What to do: Your copy starts at the line containing "idaho/meridian/shop/white-house-black-market" and ends at the last line below. Copy exactly, without pictures.

Data block:
*** Begin section ***

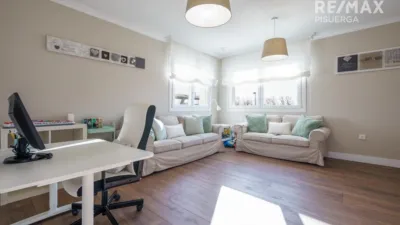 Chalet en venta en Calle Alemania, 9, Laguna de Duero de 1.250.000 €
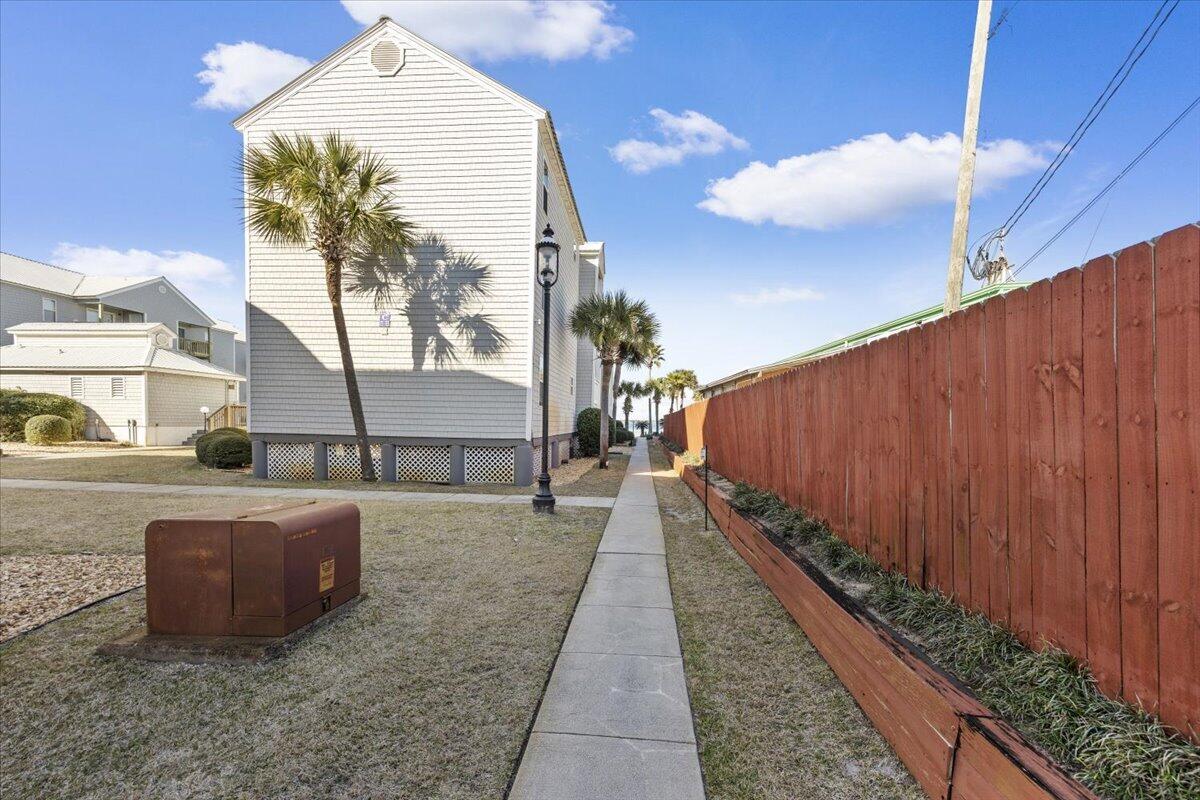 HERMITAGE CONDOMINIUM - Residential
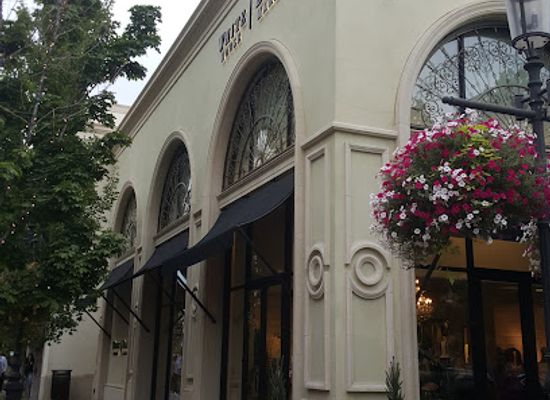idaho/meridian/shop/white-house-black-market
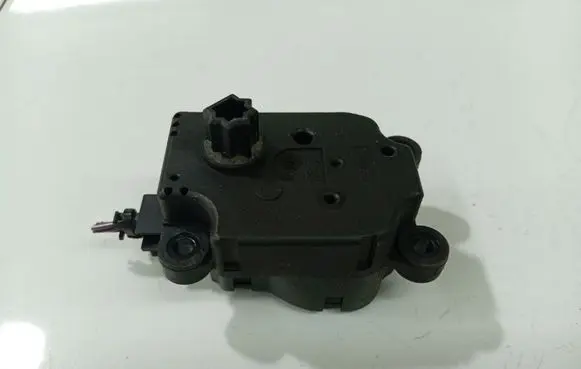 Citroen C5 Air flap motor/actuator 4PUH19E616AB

*** End section ***

Answer to this exercise:
idaho/meridian/shop/white-house-black-market
 Citroen C5 Air flap motor/actuator 4PUH19E616AB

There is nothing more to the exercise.